東京オリンピックの正式種目としても注目を集めた空手。
世界では柔道の競技人口が数百万人であるのに対して、空手の競技人口は6000万人、愛好者は1億3000万人以上存在すると言われています。
しかし空手には数多くの流派があることは、愛好者以外にはあまり知られていないのではないでしょうか。
その流派は分かっているだけで200前後。世界的には枝分かれした流派が多すぎて、もはや把握できないとも言われています。
ここでは、代表的な空手の流派をご紹介。
その特徴や違いを解説します。
【空手】流派① 伝統空手
そもそも空手は琉球王国の戦士階級が習っていた「手(ティー) 」が源流となっている武術。
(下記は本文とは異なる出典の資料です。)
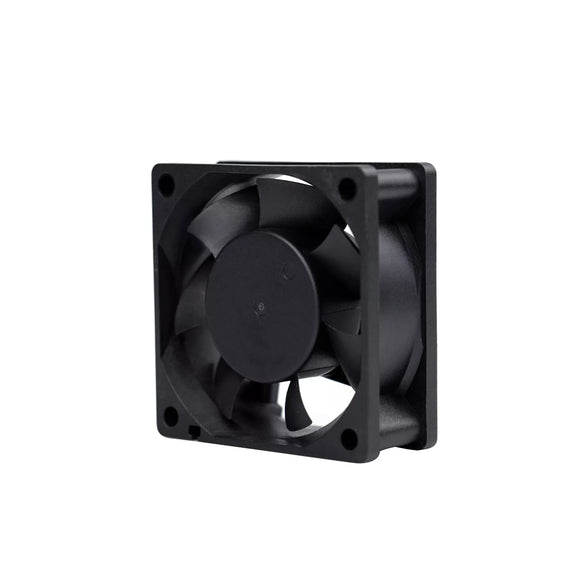 AXIAL FAN 25x25x10mm 12VDC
そこから派生してたくさんの流派がある空手ですが、大きく分けると伝統空手と実践空手に分類されます。
伝統空手は別名ノンコンタクト空手とも呼ばれるもの。
直接打撃を避けて寸止めする空手の総称で、伝統という名の通り、古流の技術に基づいて試合や稽古を行います。
その特徴は、型の練習や哲学、礼節を重視することや、単純な強さではなく習熟度を評価する段級位制を採用していること。
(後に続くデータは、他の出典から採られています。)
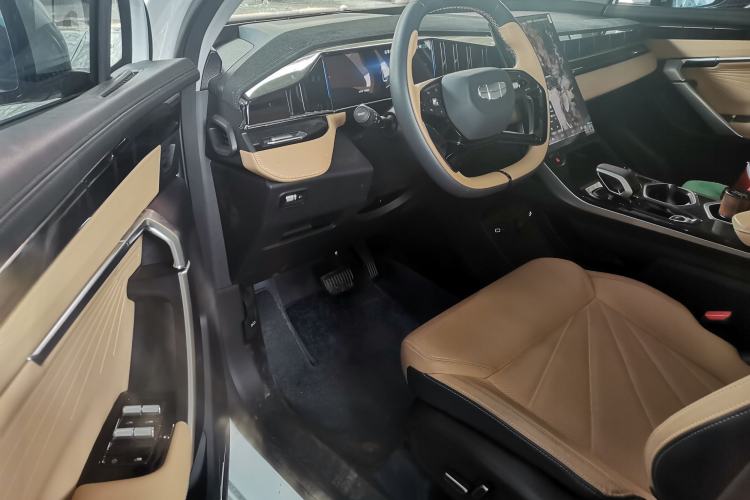 Used Geely Auto FX11 2023 1.5TD DCT Prestige Edition Interior 1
また間合いが広く、ローキックをしないなどの決まりもあります。
オリンピックに採用されているのは、この伝統空手。
「松濤館流」「剛柔流」「糸東流」「和道流」が四大流派と呼ばれています。
松濤館流
開祖は船越義珍氏。
全世界で最も多くの人が学んでいる流派で、テコンドーの元になったとも言われています。
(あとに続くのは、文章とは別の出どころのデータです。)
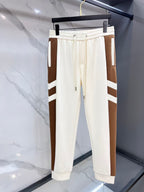 Dior - Contrast Side-Stripe Sweatpants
「型に忠実であれ、空手に試合はない」という船越師の遺訓を遵守して、型の稽古を重視するのが伝統的な姿。
一方で技術的な特徴は、遠い間合いからの一撃必殺です。
ダイナミックで迫力ある技の重みで人気を集めています。
剛柔流
開祖は宮城長順氏。
琉球伝統の武術に加えて、中国南部民族の舟を漕ぐ姿勢を取り入れた足運びが特徴です。
近い間合いからの打撃や掴み投げなどが強みで、相手に打たれても耐えられる強靭な体と、呼吸法によって内部を鍛えることが鍛錬の基礎。
そのような特徴から「守りの空手」と呼ばれています。
糸東流
開祖は摩文仁賢和氏。
首里手と那覇手という2つの流れをくんだ流派で、型の美しさが特徴です。
しかも摩文仁が多くの武術を学んだ末に完成した流派なので、型や技の種類がとても豊富。
突きや蹴りの他に投げや逆技もあり、総合格闘技に近い流派となります。
また守りを特に重視し、相手の攻撃を受け流してから反撃するのも特徴です。
和道流
開祖は大塚博紀氏。
松濤館の船越義珍氏から学んだ彼は、その教えを元に柔術や剣術の要素を加えて昭和初期にこの流派を完成させました。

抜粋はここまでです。